Traditional selection consultants build massive requirements matrices, sometimes containing 500 to 1,000 line items of functionality. The entire project becomes an exercise in determining whether the software can do X, Y, and Z. What gets lost is the fundamental question: what business outcomes are you trying to achieve, and what needs to change in your organization to get there?

A manufacturer struggling with 68% on-time delivery does not have a software problem. They have an operational problem that the right technology, combined with the right process changes, can solve. But if the selection project is built around functionality checklists, nobody is asking what organizational changes need to accompany the technology to actually move that number.

It prevents vendors from being partners

In the traditional model, ERP vendors are treated as commodities to be evaluated, not partners to collaborate with. They are handed a rigid script, told to demo specific functions in a specific order, and given little room to show creative solutions to the client’s actual business problems.

The vendor who could propose a transformative approach to the client’s quoting process or production scheduling is instead spending their demo time proving they can generate a purchase order. This arms-length approach robs the client of the very insight they need most: which vendor truly understands my business and can help me think differently about my operations?
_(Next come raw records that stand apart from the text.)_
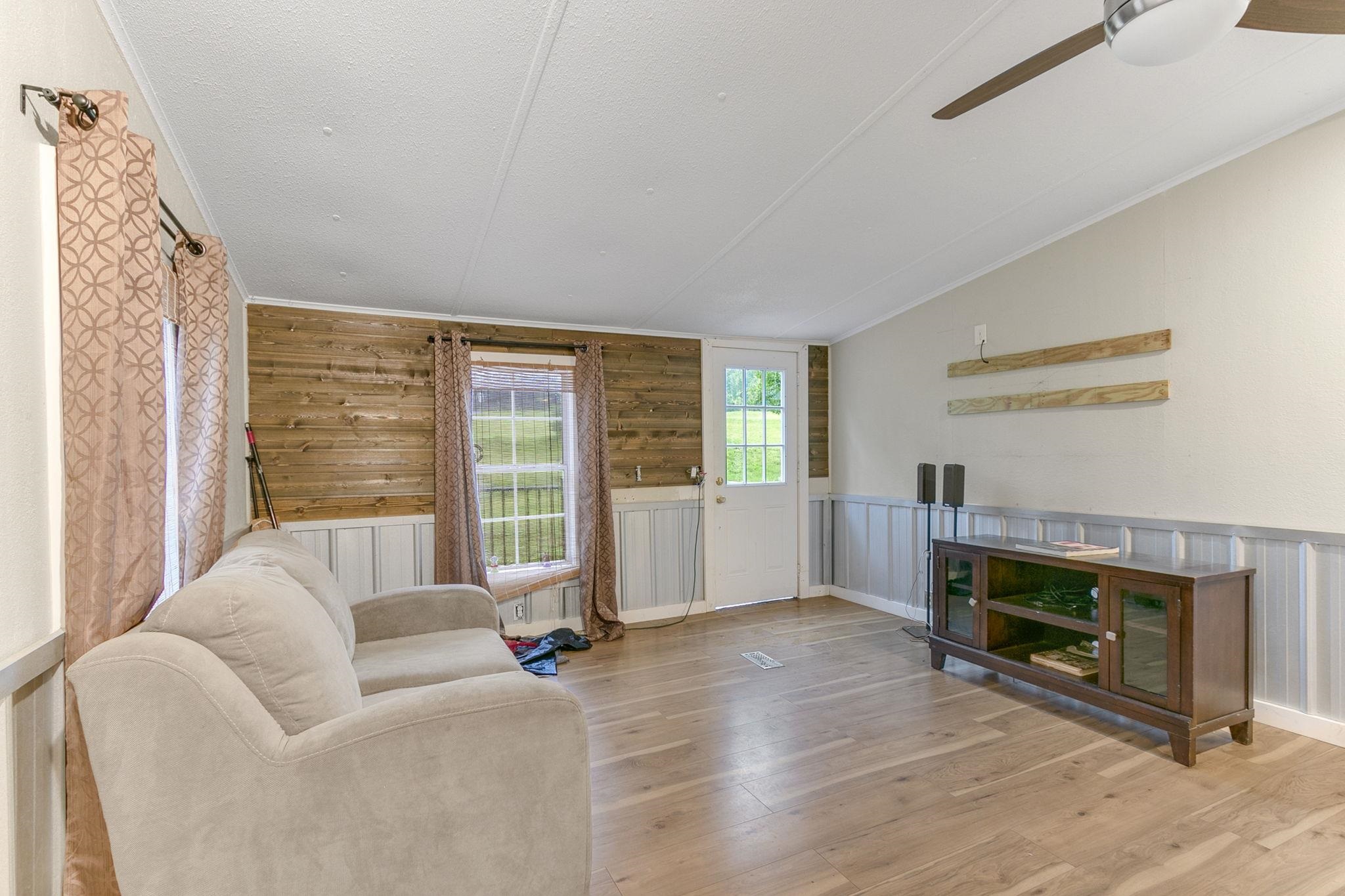 113 Dixon Road Westminster, SC 29693 - Photo 7 of 24 Gallery Image 7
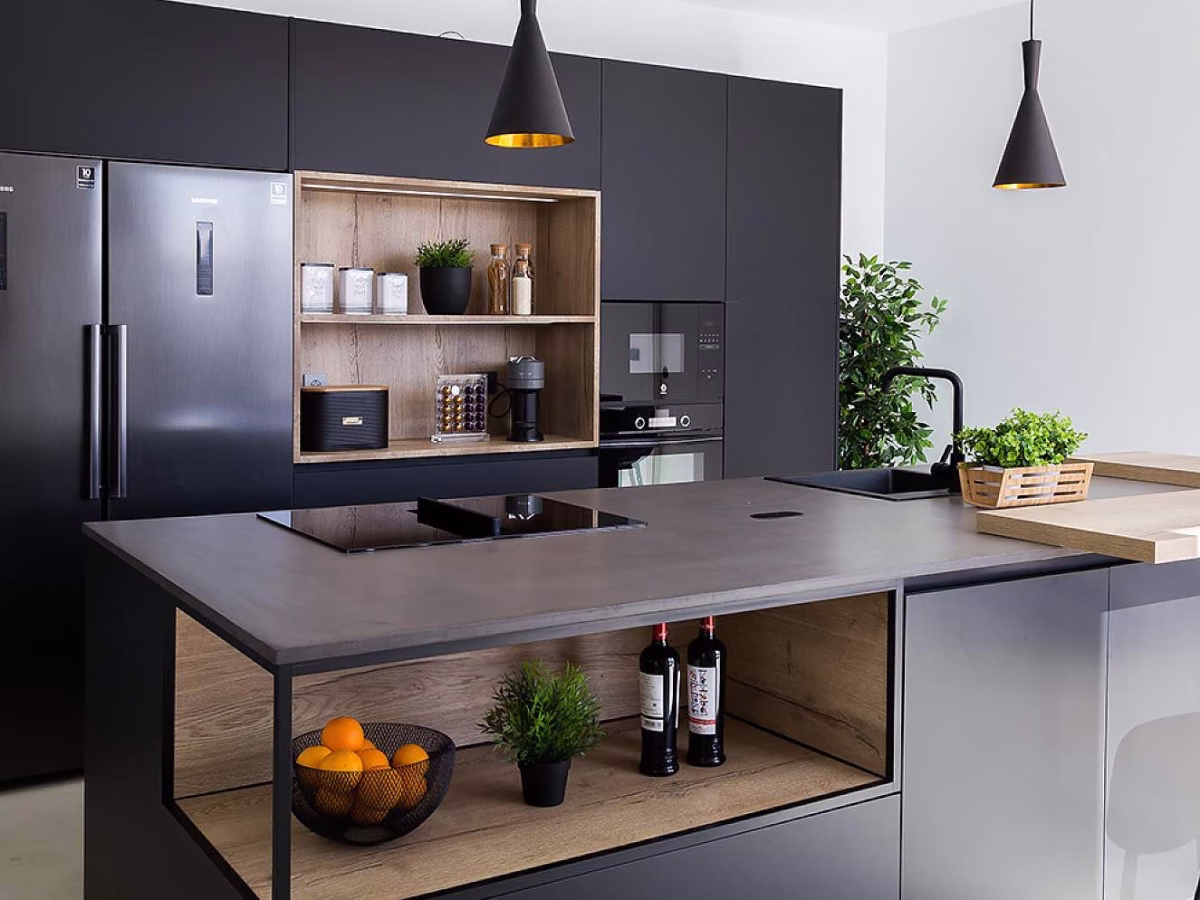 Cocina negra y madera con isla acabado laminado
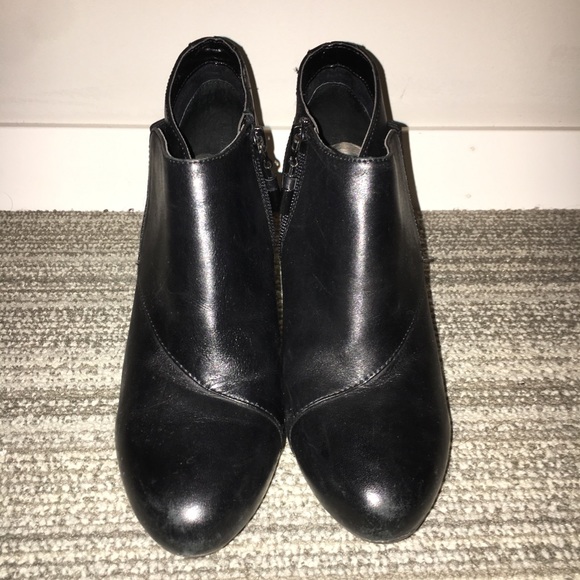 Black size 7 Me Too booties - Picture 1 of 4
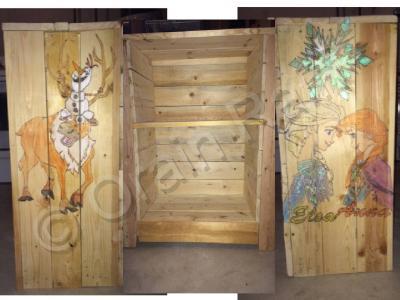 Free Hand Art - Frozen Characters ------------------- Hand Made Solidwood Bo - Wood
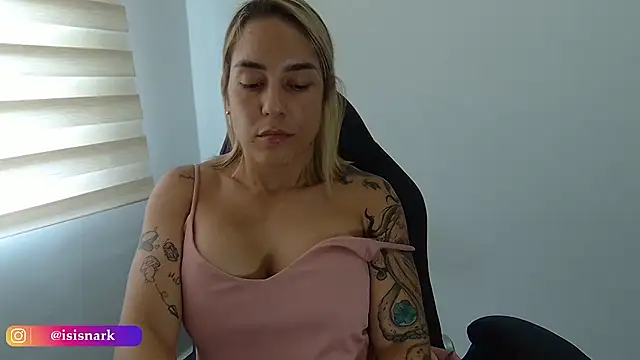 Snapshot of Isis69_ chatting on September 2025 07:25:01 PM Isis69 online show from September 2025 07:25:01 PM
It forces premature pricing without context

Traditional consultants routinely ask vendors to submit pricing early in the process, often before the vendor has had a single meaningful conversation with the client about their challenges. The vendor is estimating scope without understanding whether the client’s pain points stem from a systemic operational issue, a training gap, or a fundamental process design flaw.

This leads to inaccurate proposals, scope mismatches during implementation, and change orders that erode trust and inflate costs.

It sets up implementations to underdeliver

Perhaps the most damaging consequence of the traditional approach is what happens after the selection. Because the entire project was built around software functionality, the resulting Statement of Work for implementation is focused on implementing software, not on achieving outcomes.

The SOW says “configure Advanced Planning and Scheduling” instead of “improve on-time delivery from 68% to 92%.” When the implementation team has no target outcome, the project becomes a technical exercise that may go live on time and on budget but leaves the organization wondering why nothing actually feels different.